OUR PROCESS

WHERE TRADITION MEETS MODERN REFINEMENTS

At Campante, every drop begins in the hands of our Master Mezcalero,Raul Reyes Rodriguez, a fourth-generation craftsman from Ejtila, Oaxaca. Under his watchful eye, the mezcal-making process remains exactly as it has for centuries, meticulous, deliberate, and deeply traditional. From nurturing the agave in the fields to slow-roasting in earthen pits, stone-crushing by tahona, and allowing wild fermentation to unfold naturally, Raul infuses every step with patience, precision, and passion. The result is a spirit where history, heritage, and artistry converge, pouring not only rich flavor, delicate smoky tones, and sweet aromas into every bottle, but also a piece of Oaxaca’s soul.

OUR MASTER MEZCALERO

Steeped in his familial traditions coupled with the centuries-old art form of making mezcal, Master Mezcalero, Raul Reyes Rodriguez is a master in his craft. He is a fourth-generation mezcalero who runs his family business alongside his wife and their son, the fifth generation.

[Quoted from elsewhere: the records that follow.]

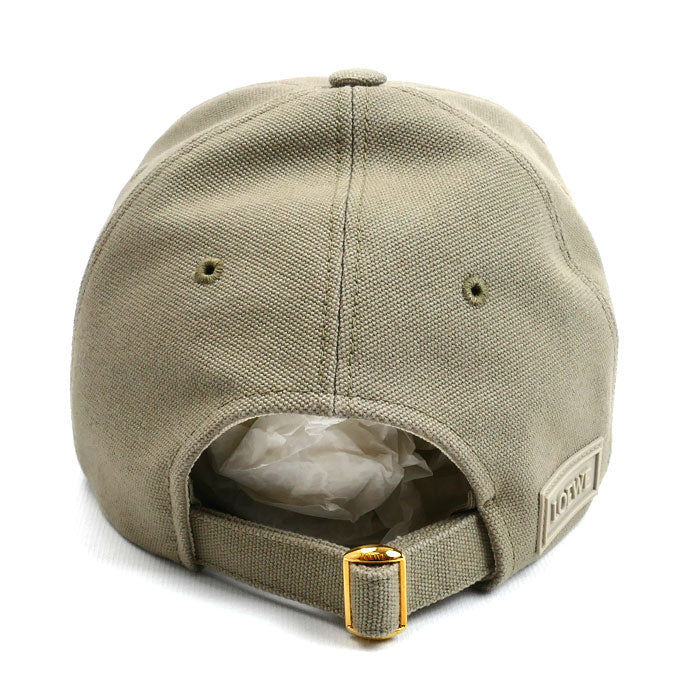 LOEWE ロエベ アナグラム キャップ グレー シェルグレー K820AA2X01 
ONESIZE ユニセックス【中古】【美品】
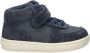 Nelson Kids suède sneakers donkerblauw - Thumbnail 1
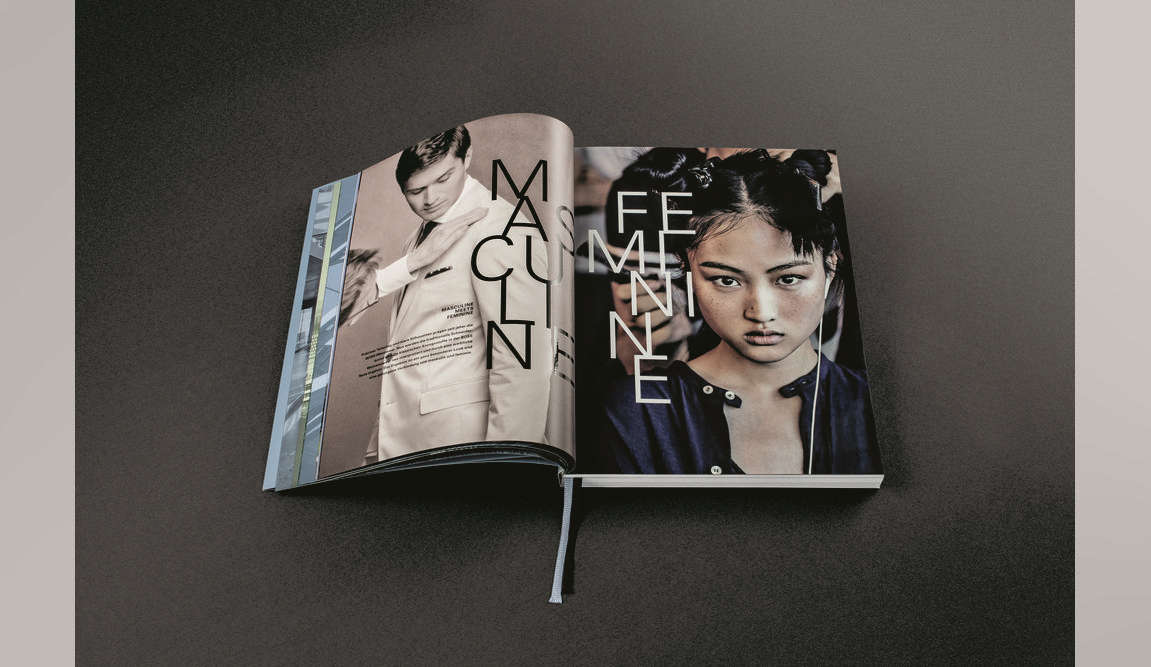 HUGO BOSS年度報告創意畫冊設計-上海畫冊設計公司-上海品牌設計公司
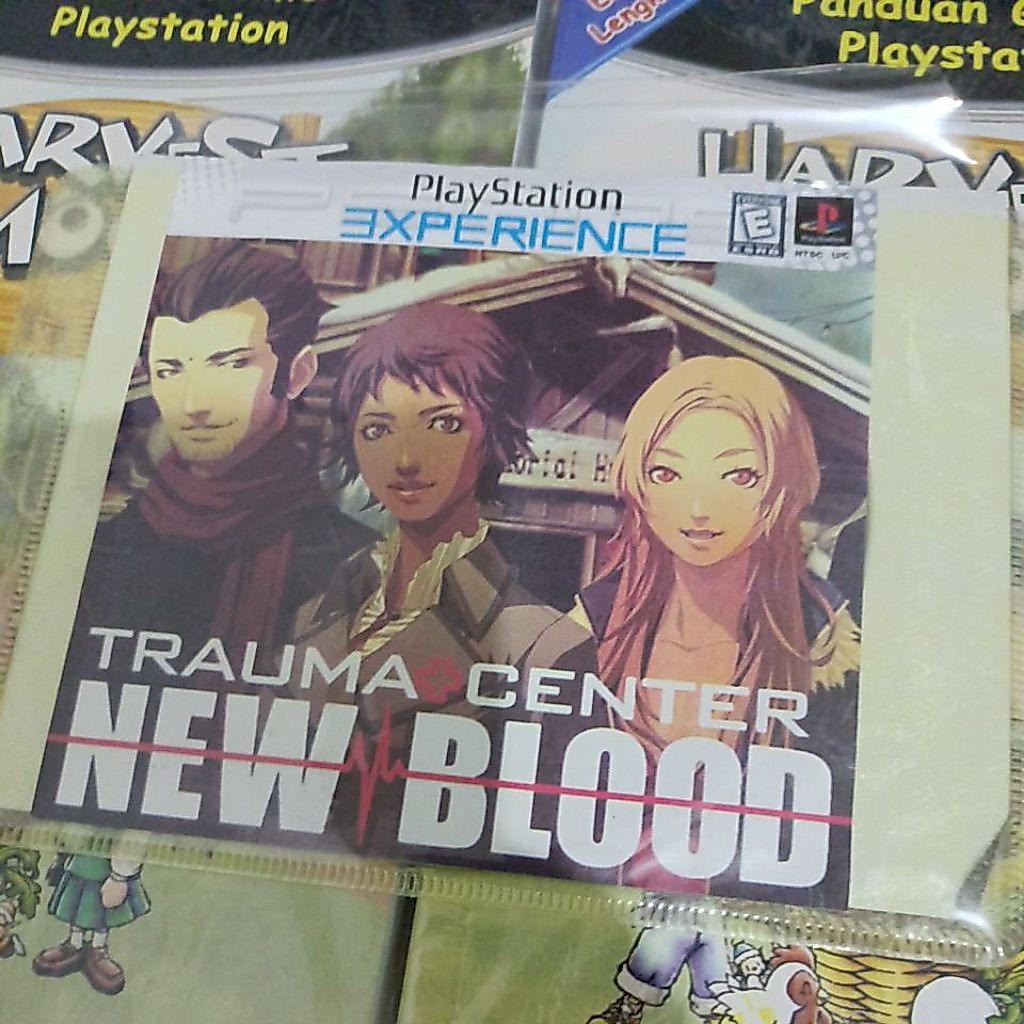 Kaset PS1 theme HOSPITAL Copab Copy Pabrik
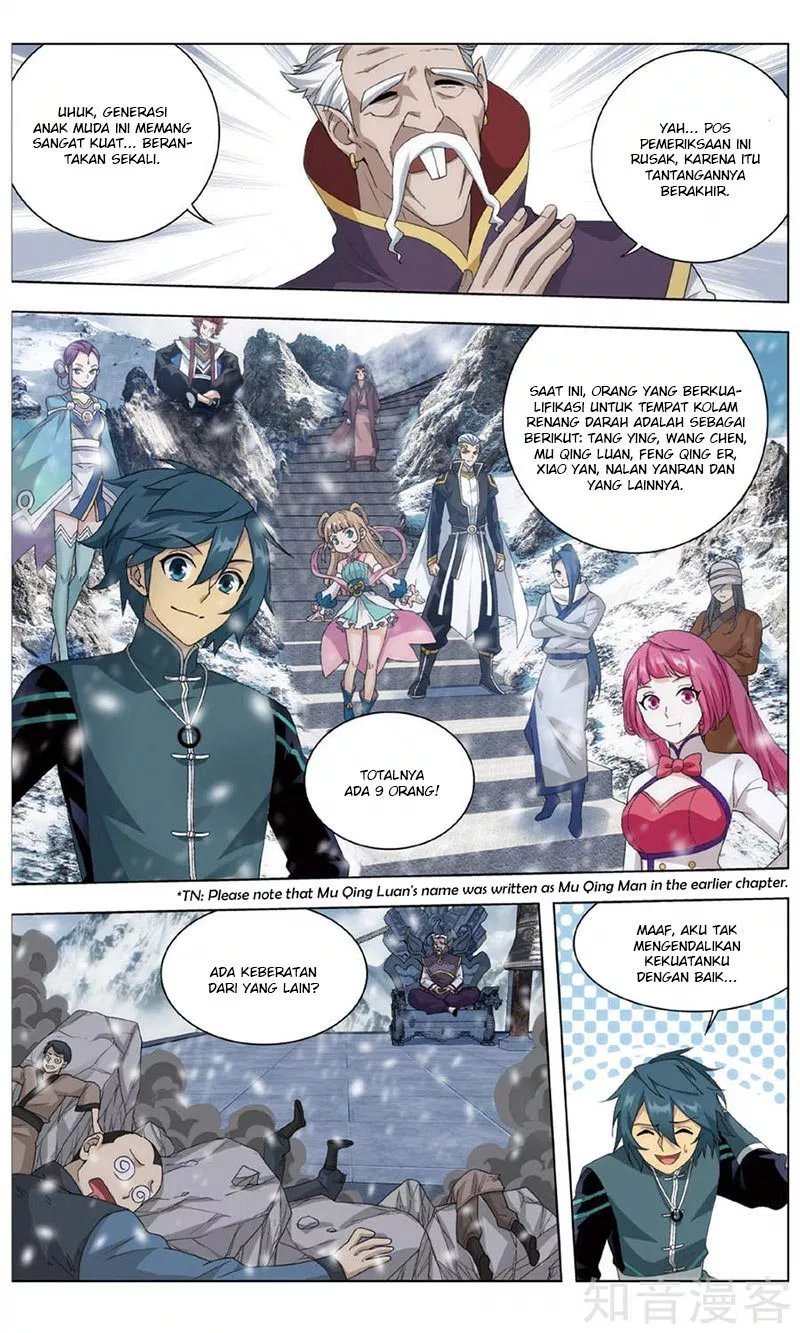 Battle Through the Heavens Chap 235 - Next Chap 236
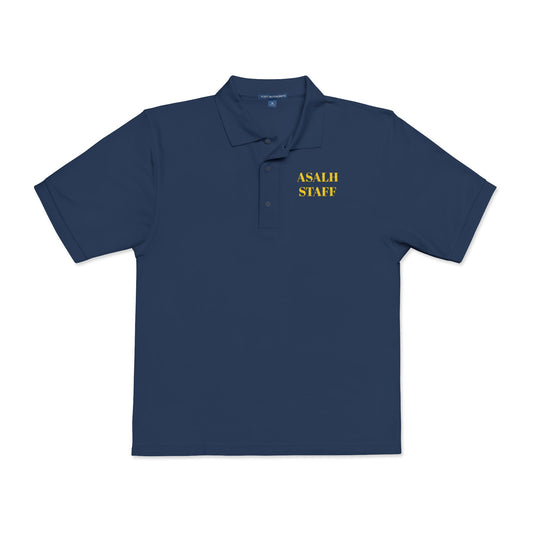 ASALH STAFF Unisex Polo Shirt (Embroidery)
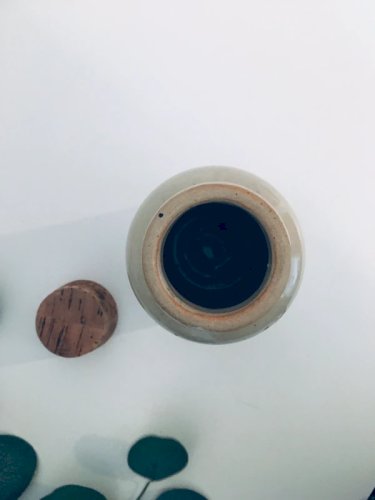 Pot en grès pour le thé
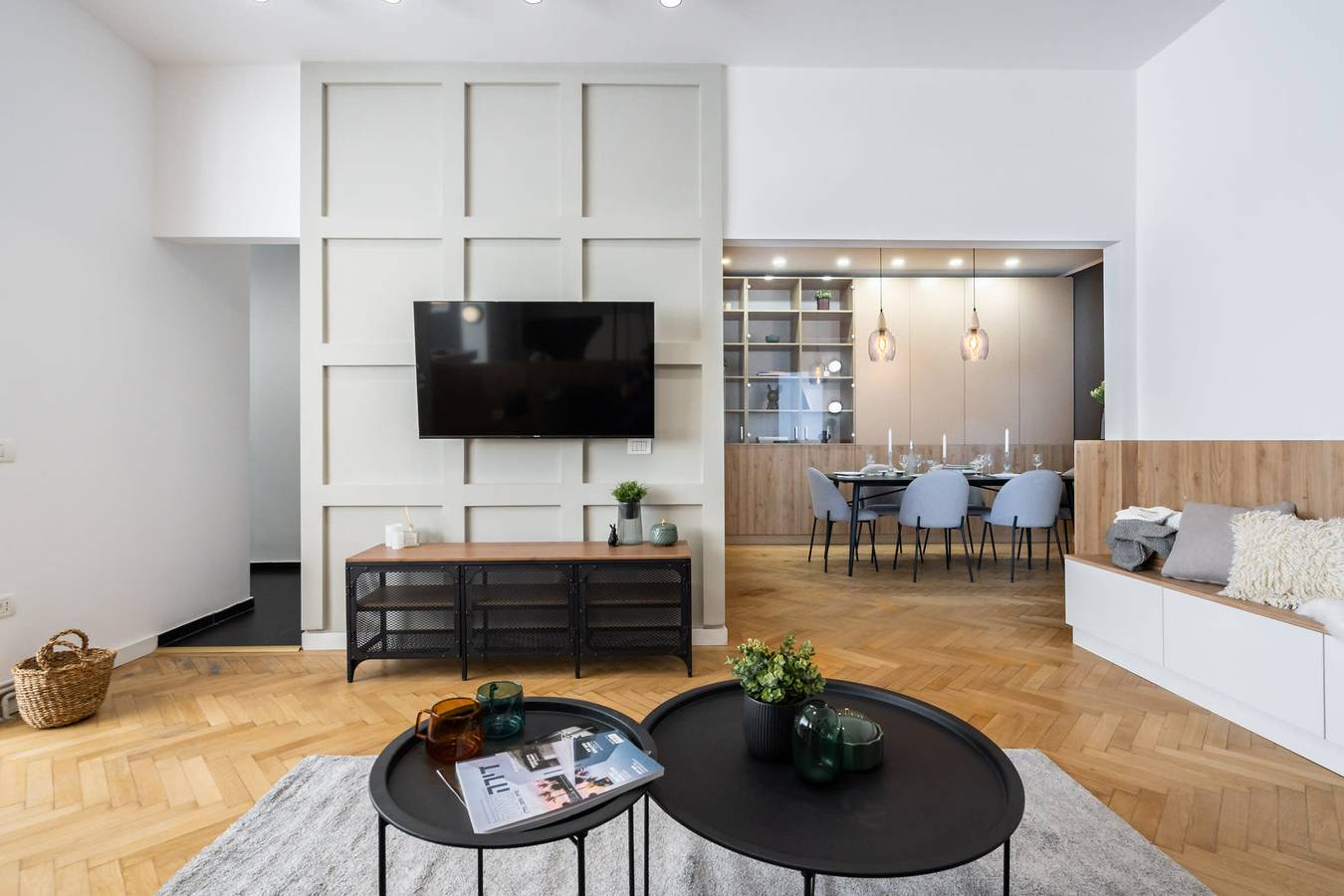 Apartamento entero, Qult • The Architect in Bucarest, Rumania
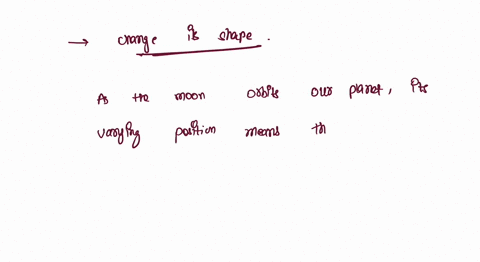 why-does-the-moon-seem-to-change-shape-a-as-the-moon-revolves-around-earth-different-parts-are-lit-by-the-sun-b-the-viewpoint-from-earth-of-the-illuminated-side-of-the-moon-changes-c-earths-95015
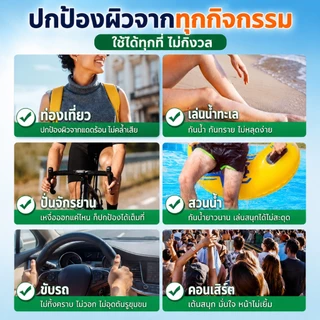 Formbo Sunscreen SPF50 PA+++ ครีมกันแดดใช้ได้ทั้งหน้าและตัว บางเบา ชุ่มชื้น กันน้ำ กันเหงื่อ ไม่เหนียวเหนอะหนะ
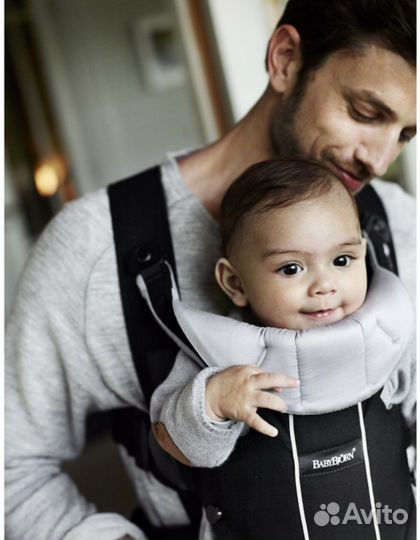 Эргорюкзак переноска babybjorn miracle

In the small village of Ejutla, Oaxaca, Raul works the land with the same dedication as his ancestors, tending to the agave from seedling to harvest. Every step of the process is done with care, slow-roasting the piñas in earthen pits, stone-crushing them by tahona, and allowing wild fermentation to work its magic. His deep respect for the land, the agave, and the time-honored methods ensures that each bottle of Campante carries not just exceptional flavor, but the soul of Ejutla and the generations who came before.